Serpent Mage by Weis, Margaret

Finally, the Sartan made up his mind. “I’m not going inside,” he said decisively, did a little dance, and began to sing the runes.

The sigla wove their magic around him, lifted him up into the air. The dog jumped excitedly to its feet, and began to bark loudly, much to Alfred’s consternation. The library was located far from the center of the Sartan city, far from the homes of the inhabitants, but it seemed to the nervous Alfred that the animal’s yelps must be audible in Arianus.

“Shush! Nice dog! No, don’t bark. I—”

Attempting to hush the dog, Alfred forgot where he was going. Or at least that was the only explanation he could give for finding himself hovering over the roof of the library.

“Oh, dear,” he said weakly, and dropped like a rock.

For long moments, he cowered on top of the roof, terrified that someone had heard the dog and that crowds of Sartan would be flocking around, wondering and accusing.

All was quiet. No one came.

The dog licked his hand and whined, urged him to once more take to the air, a feat the animal found highly entertaining.

Alfred, who had forgotten the dog’s unique ability to show up where least expected, nearly crawled out of his skin at the unexpected slobber of a wet tongue.

Sitting back weakly against the parapet, he petted the animal with a shaking hand and looked around. He had been right. The only sigla visible were the perfectly ordinary runes of strength and support and protection from the elements that could be found on the roofs of any Sartan building. Yes, he’d been right, and he hated himself for being right.

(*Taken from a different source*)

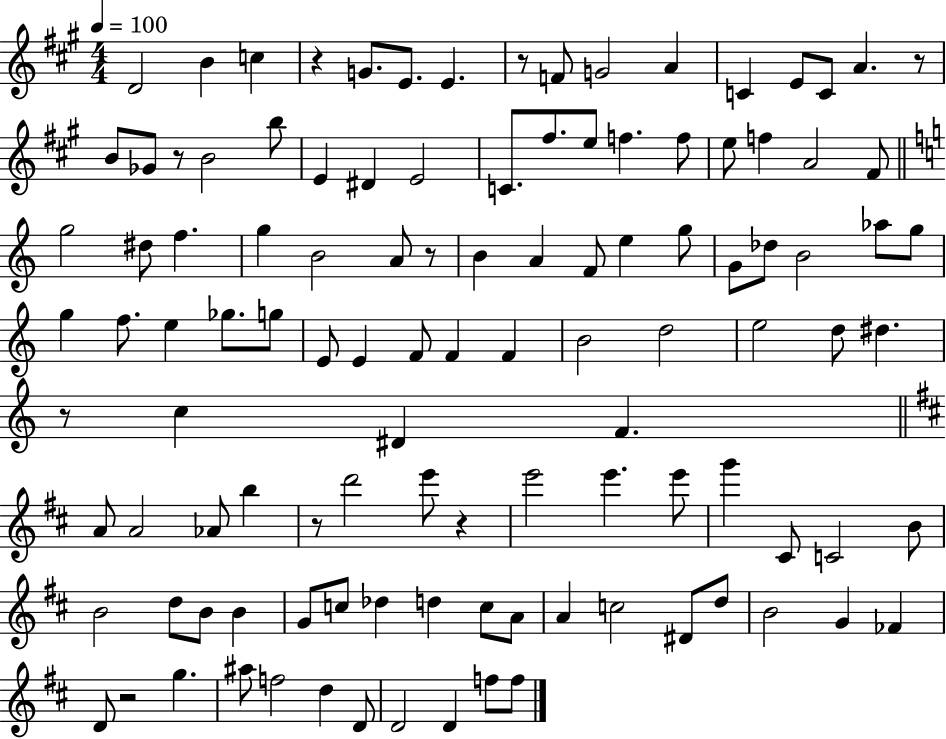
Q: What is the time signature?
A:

The roof was constructed of massive beams of some tree Alfred didn’t recognize, but they gave off a faint, woodsy, pleasing aroma. Probably a tree that the Sartan had brought with them from the ancient world, through Death’s Gate. [1] These large beams were placed at intervals along the roof; smaller planks crisscrossed beneath, filling in the gaps. Intricate sigla, traced on the planks and the beams, would keep out rain and rodents and wind and sun, would keep out everything . . .

“Except me,” Alfred said, gazing at the sigla unhappily.

He sat for long moments, unwilling to move, until the larcenous part of his nature reminded him that the Council meeting could not last much longer. Samah would return home and expect to find Alfred there, become suspicious if Alfred was not.

“Suspicious,” said Alfred faintly. “When did one Sartan ever use that word about another? What is happening to us? And why?”

Slowly, he leaned over and began to draw a sigil on the wooden beam. His voice accompanied his work, his chant sad and heavy. The runes sank down through the wooden beams of a tree never known in this world, and they carried Alfred down into the library with them.

Orla paced about her house, restless, ill at ease. She wished Samah were at home, was perversely glad he wasn’t. She knew she should go back out into the garden, should go back out to Alfred, apologize for behaving like such a fool, smooth the incident over. She should have never let it affect her like that, should have never let him affect her like that!

“Why did you come?” she demanded of his absent figure sadly. “All the turmoil and unhappiness was over. I could once more hope for peace. Why did you come? And when will you go?”

Orla took another turn about the room. Sartan dwellings are large and spacious. The rooms are made of cool, straight lines, bent, here and there, into perfect arches supported by upright columns. The furniture is elegant and simple, providing only what is necessary for comfort, nothing for show or display- One could walk among the few furnishings with ease.

That is, a normal person could walk among them with ease, she amended, straightening a table that Alfred had knocked askew.

She put the table to rights, knowing Samah would be extremely irritated to find it out of its proper order. But her hand lingered on it; she smiled to herself, seeing, once again, Alfred blundering into it. The table stood next to a couch, was well out of the flow of traffic. Alfred had been far away from it, with no intention of being anywhere near it. Orla recalled watching in wonder those too-large feet of his veering off in the direction of the table, stumbling over each other in their haste to reach it and knock it over. And Alfred, watching in bemused bewilderment, like a nursemaid with a flock of unruly children. And he had looked at Orla in helpless, pleading apology.